Use CrossEntropyLoss with LogSoftmax

ghz 19hours ago ⋅ 2 views

From the Pytorch documentation, CrossEntropyLoss combines LogSoftMax and NLLLoss together in one single class

But I am curious; what happens if we use both CrossEntropyLoss for criterion and LogSoftMax in my classifier:

model_x.fc = nn.Sequential (nn.Linear(num_ftrs, 2048, bias=True), nn.ReLU(), 
                               nn.Linear(2048, 1024 ), nn.ReLU(),
                               nn.Linear(1024 ,256), nn.ReLU(),
                                nn.Linear(256 ,128), nn.ReLU(),
                               nn.Linear(128, num_labels),nn.LogSoftmax(dim = 1))

criterion = nn.CrossEntropyLoss()

Then if i have saved a trained model using the code above, how can I check the criterion used by the saved model?

Answer

If you use both CrossEntropyLoss and LogSoftmax together, you essentially apply the softmax transformation and the negative log likelihood loss twice, which is incorrect. The reason is that CrossEntropyLoss already combines both the LogSoftmax and NLLLoss (Negative Log Likelihood Loss) into a single operation, so applying LogSoftmax separately on the output before passing it to CrossEntropyLoss will result in unnecessary and incorrect double computation.

Why Using Both is Problematic:

  1. CrossEntropyLoss already includes:

    • LogSoftmax: It first applies the log of the softmax function to the model's output.
    • NLLLoss: It then computes the negative log-likelihood loss based on the log-softmaxed probabilities.
  2. LogSoftmax on its own:

    • If you add LogSoftmax explicitly to the model's output, you are manually computing the logarithm of the probabilities.

Thus, if you use both, you are essentially calculating the log of the softmaxed probabilities twice. This can lead to incorrect loss values during training because the model's logits are transformed twice.

Correct Usage:

Instead of using both LogSoftmax in the model and CrossEntropyLoss as the criterion, you should remove the LogSoftmax from the model and just use CrossEntropyLoss. Here’s how you should define your model:

model_x.fc = nn.Sequential(
    nn.Linear(num_ftrs, 2048, bias=True),
    nn.ReLU(),
    nn.Linear(2048, 1024),
    nn.ReLU(),
    nn.Linear(1024, 256),
    nn.ReLU(),
    nn.Linear(256, 128),
    nn.ReLU(),
    nn.Linear(128, num_labels)  # no LogSoftmax here
)

# Criterion (CrossEntropyLoss automatically applies LogSoftmax internally)
criterion = nn.CrossEntropyLoss()

How to Check the Criterion Used by the Saved Model:

When you save a model in PyTorch using torch.save(model.state_dict()), the saved model only contains the parameters (weights and biases), and does not store the criterion or the loss function used during training. This is because loss functions (like CrossEntropyLoss) are part of the training process and are not part of the model's architecture, which is saved via the state_dict.

However, you can infer the criterion used based on the model architecture and how the loss was computed during training.

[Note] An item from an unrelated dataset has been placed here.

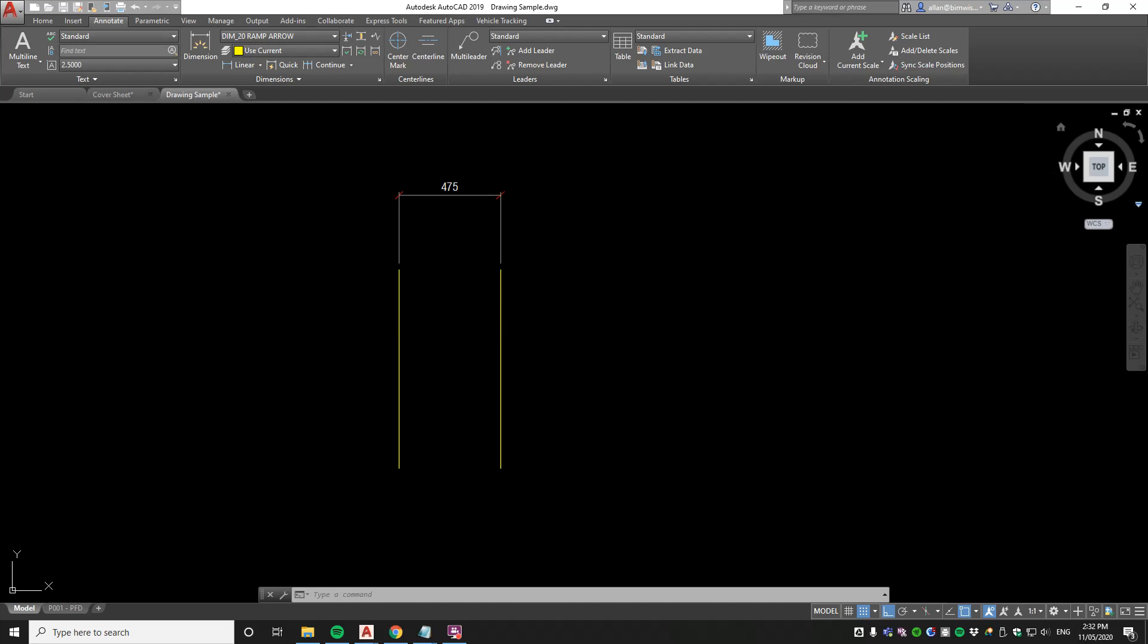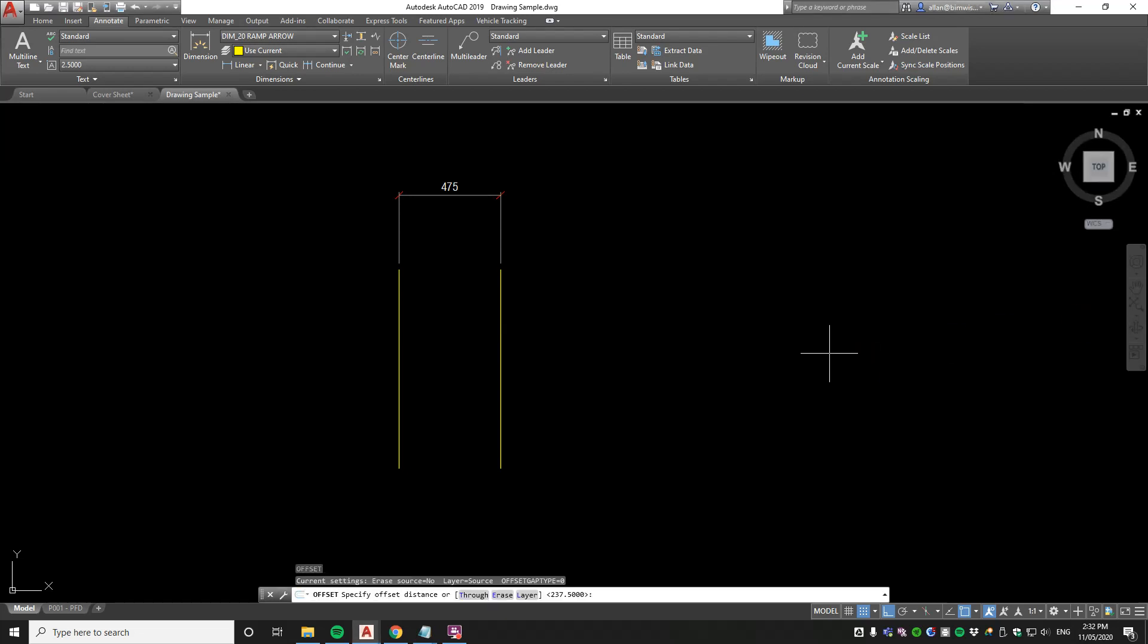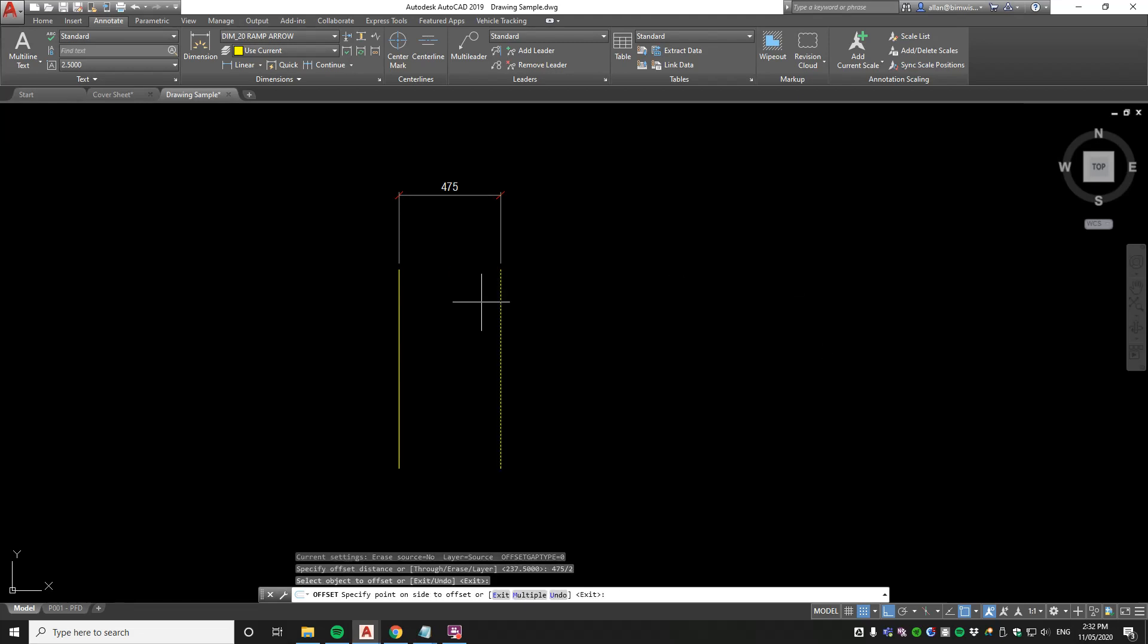Here's a humdinger of a power tip for AutoCAD users: offsetting by half the distance. How could you do this? You could get a calculator and put 475 divided by 2, and it'll give you the answer. Or you can do it this way: we offset 475 slash 2, so it's a fraction basically.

If you save your training settings (for example, in a config file or documentation), you can refer to that information to determine which criterion was used.

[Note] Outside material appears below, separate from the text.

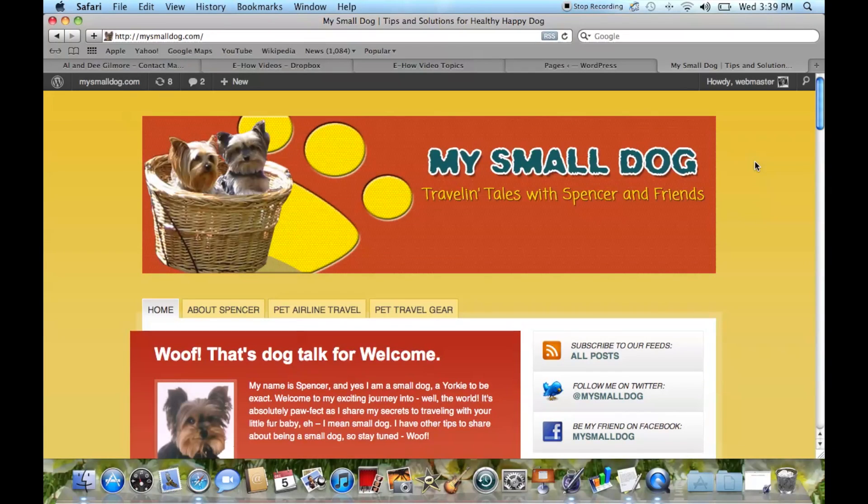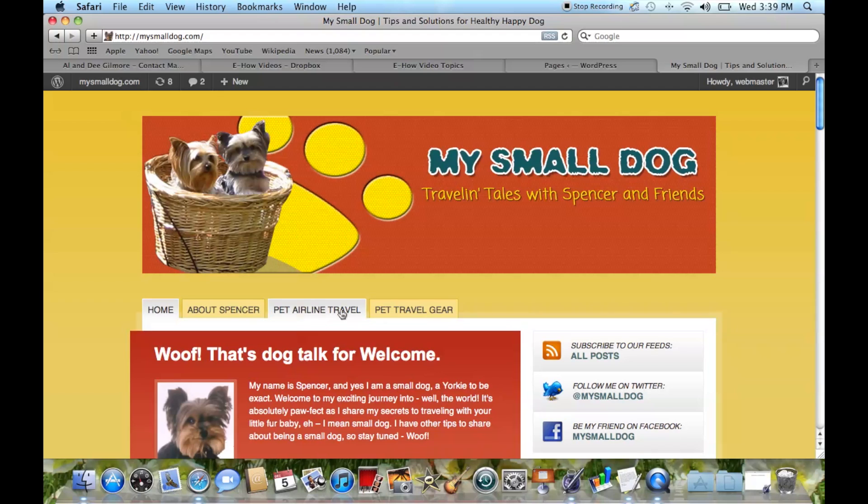Let's take a look. If we look at My Small Dog right now, we've got the home page, About Spencer, Pet Airline Travel, and Pet Travel Gear. But what if we want to add another tab here in the menu system?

How to Check the Model Architecture and Loss:

  1. Model Architecture:

    • You can inspect the model's architecture (i.e., the layers in model_x.fc) to see if a LogSoftmax layer is included. If it's there, it’s a clue that the criterion used should likely not be CrossEntropyLoss, but something like NLLLoss.
  2. Training Script or Configuration:

    • If you have saved your training settings (in a configuration file, training log, or script), you can refer to it to check which criterion was used.
  3. Manual Tracking:

    • If you're saving and loading models, it's good practice to also save the hyperparameters and training settings in a separate file to keep track of what was used (for example, using a JSON or YAML file for configuration).

Example for Saving Model and Training Settings:

# Save the model's state dict and other training settings
torch.save({
    'model_state_dict': model.state_dict(),
    'optimizer_state_dict': optimizer.state_dict(),
    'epoch': epoch,
    'loss': loss,
    'config': {
        'criterion': 'CrossEntropyLoss',
        'learning_rate': learning_rate,
        'batch_size': batch_size,
        # ... other settings
    }
}, 'model_checkpoint.pth')

To check the criterion later, you can load the saved settings:

checkpoint = torch.load('model_checkpoint.pth')
model.load_state_dict(checkpoint['model_state_dict'])
config = checkpoint['config']

print(config['criterion'])  # Check the criterion used

This way, you explicitly track the training setup along with the model's weights.

Conclusion:

  • Don't use both LogSoftmax and CrossEntropyLoss together. CrossEntropyLoss already includes LogSoftmax internally.
  • To check the criterion used by a saved model, you can store and load the training configuration separately, as PyTorch does not store the criterion in the model checkpoint.